Photo de klsanderson
Je commençais à les connaître par leurs petits noms. C’était signe qu’on se fréquentait déjà trop. J’ai toujours préféré garder anonyme l’identité de ceux dont le métier consiste à me déculotter pour m’administrer des injections ou s’enquérir dans les moindres détails de l’aspect de mes selles.
Après 4 mois de grossesse à risque, à arpenter périodiquement les couloirs des urgences, j’en étais arrivée avec le personnel hospitalier à cette étape d’une relation où il vaut mieux déguerpir sans autres explications, plutôt que de laisser s’installer les habitudes. Seulement j’avais encore besoin de soins. Comme dans tout bon divorce, j’étais prête à négocier: leur laisser quelques pans de mon intimité médicale pour leurs études statistiques contre une infirmière à domicile. C’est ainsi que Judith est apparue dans mon décor.
Judith ne se déplace pas pour tout le monde, elle a ses standards: narcomanes, analphabètes, schizophrènes désinstitutionnalisés, récidivistes sous libération conditionnelle, etc. Avec mes études avancées, mon thé purifiant bio et mon appartement perché en haut d’une tour, vue plongeante sur le centre-ville, je suis la plus marginale de tous ses marginaux. Judith travaille pour un programme de santé publique et d’insertion sociale, le seul programme de la région à offrir les services d’une infirmière à domicile.
Notre premier rendez-vous consiste donc à passer en revue toutes mes tares sociales pour en trouver une justifiant mon adhésion à son programme.
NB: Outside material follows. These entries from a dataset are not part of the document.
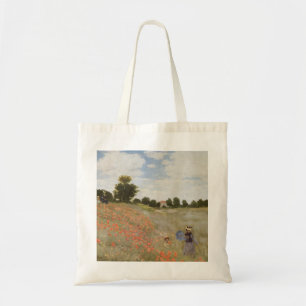 Monet Painting Tote Bag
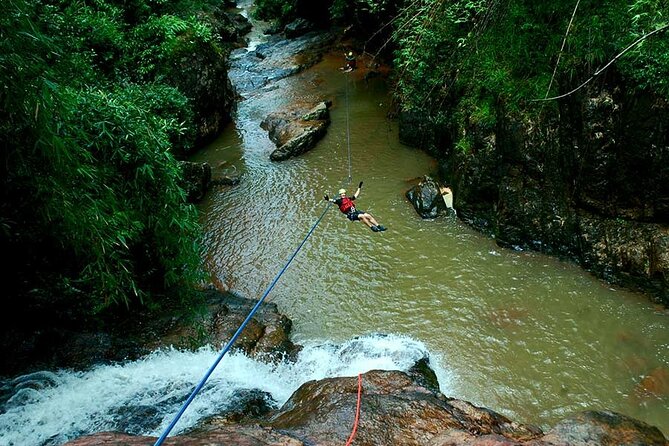 Full Day Canyoning Activity in Da Lat with Lunch - The 8 a.m. pickup and 25-minute ride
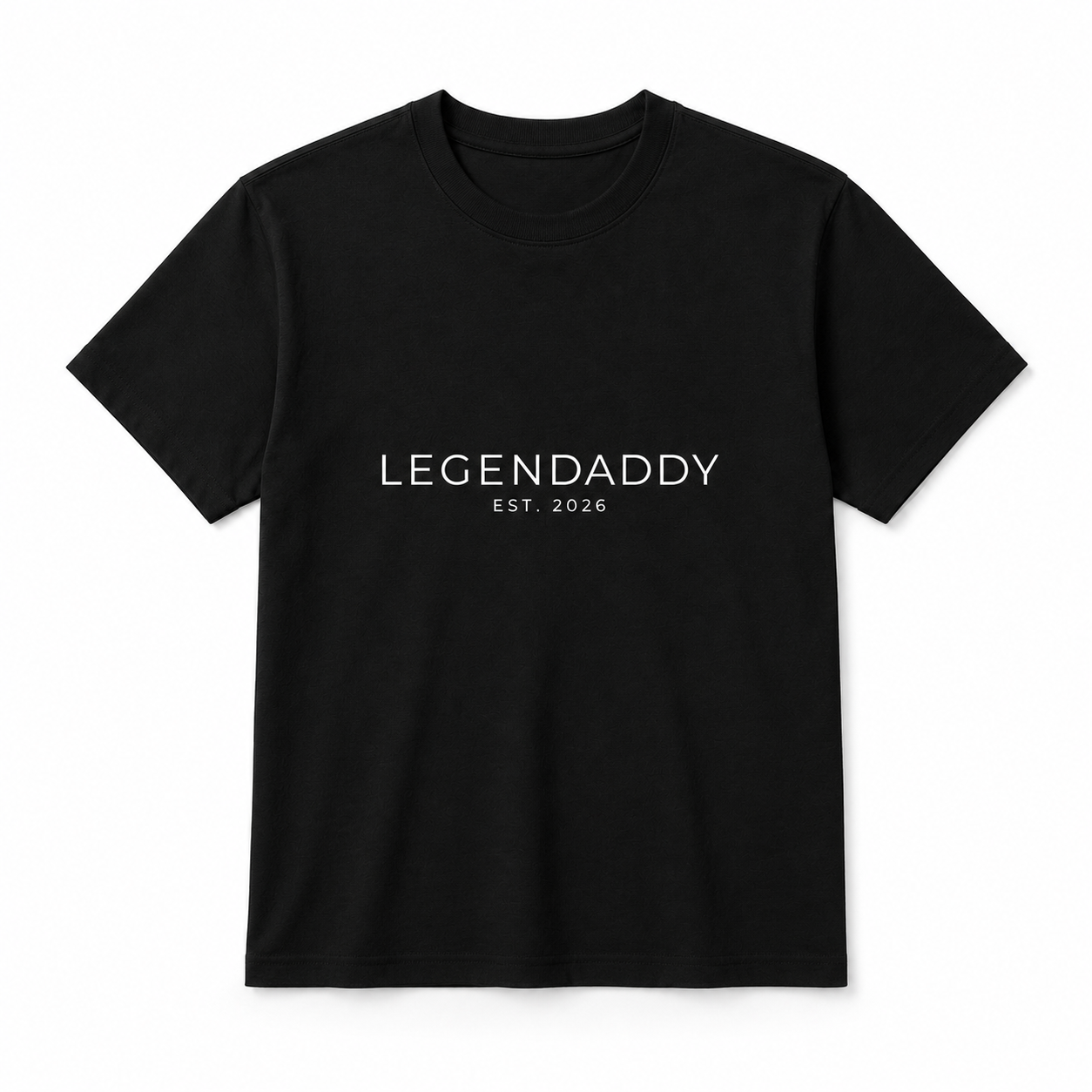 LEGENDADDY -personalisierbar- Herren Premium T-Shirt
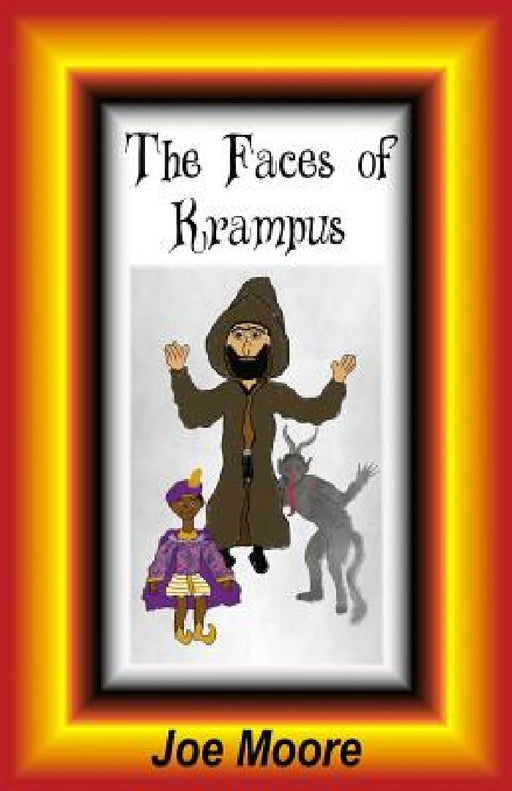 The Faces of Krampus by Mary Moore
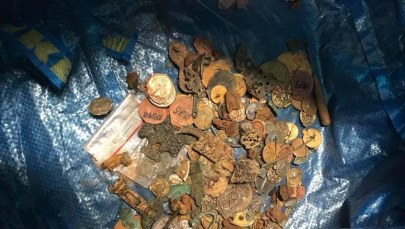 Odzyskano skarb Wikingów. Skruszony złodziej sam zgłosił się na policję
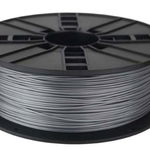 Filament Gembird PLA Argintiu 1.75mm 1kg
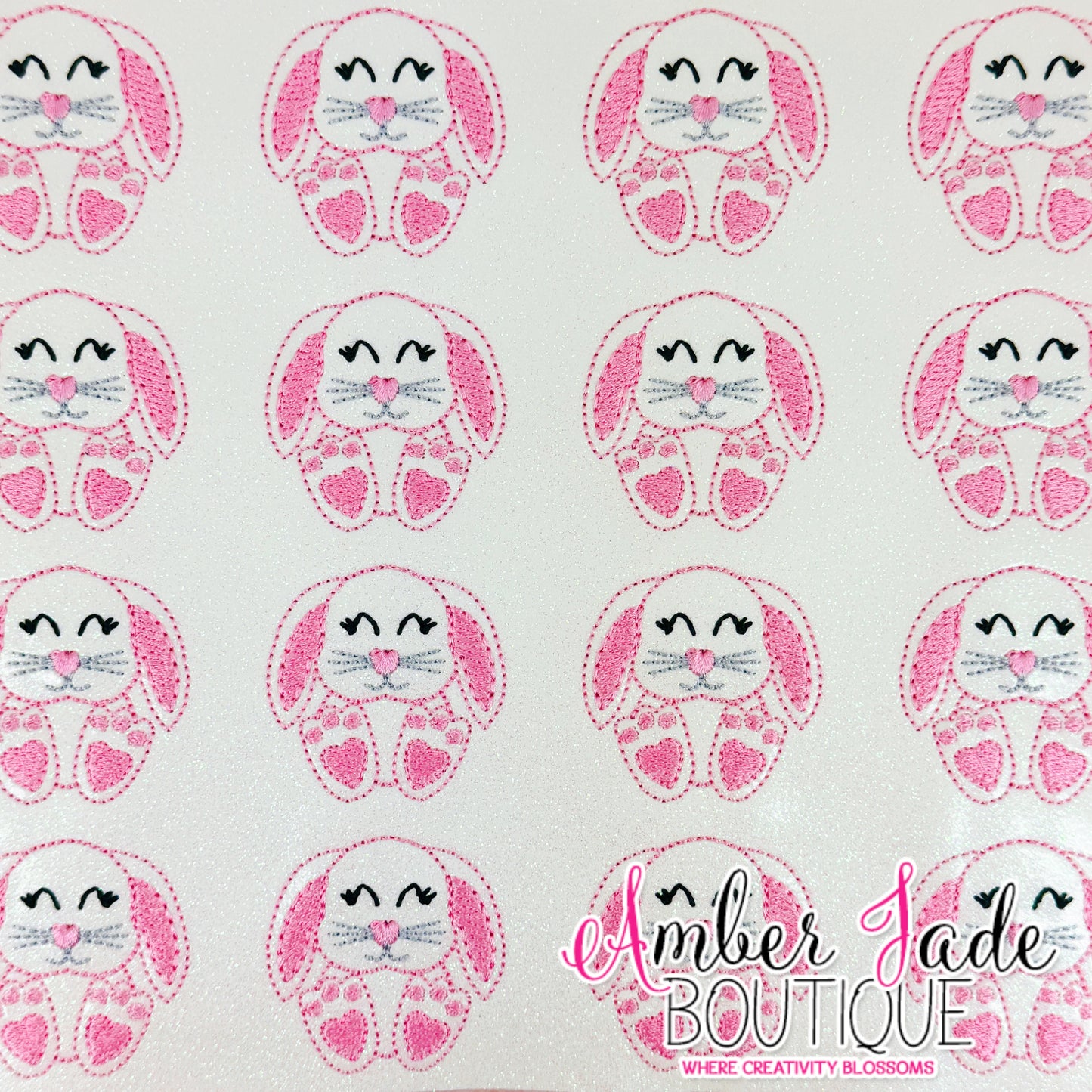 Floppy Ear Bunny - Pink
J’ai avoué tous mes 400 coups, exagéré mon envie de trucider les commis endormis sur leur caisse enregistreuse, déclaré comme dépendance à l’opium ma surconsommation de petits gâteaux au pavot; rien à faire, je suis normale, mortellement banale. Simplement toujours malade mais plus assez pour encombrer les hôpitaux.
Judith l’a compris; elle a plus d’un tour dans son sac. Rire en coin, elle me remet à chacune de ses visites des dépliants m’incitant à obtenir une plus haute scolarisation. Moi je me crispe devant le défi et refuse avec violence d’entendre ces propositions. C’est tout ce qu’il lui faut pour qu’elle puisse dûment remplir les cases de ses formulaires gouvernementaux. On y inscrit qu’elle m’a bel et bien incitée à entreprendre un doc en philo ou en ethno-linguistique, voire même un tout petit certificat d’ingénieur ontologique, mais que je m’y rebute farouchement et qu’il y a donc encore beaucoup de travail social à faire avec moi. C’est tout ce qui lui faut pour pouvoir me prodiguer les soins que je requiers. Car du moment que la case est cochée, peu importe la justification derrière, “l’ordinateur” est heureux et accepte le dossier.
Judith sourit, satisfaite du travail bien fait. Son métier est d’aider la souffrance et elle m’a soulagée de mes douleurs. Elle repart en fredonnant son vers préféré de Leonard Cohen: “There is a crack, a crack in everything / That’s how the light gets in.”
La machine n’est pas ce monstre qui nous happe et nous écrase tant que l’esprit humain est assez fin pour renvoyer le système à ses propres incohérences.

28 janvier 2009 à 5:35
Bonjour,
Merci d’avoir répondu à mon précédent petit passage. Est-ce que je peux commencer par lire quelque chose en particulier qui me permette de comprendre si ce que je lis est fiction ou réalité transmutée ?
Je ne sais pas par où commencer en fait.. je suis un peu perdue. Il ne faut pas m’en vouloir.. je suis une lente.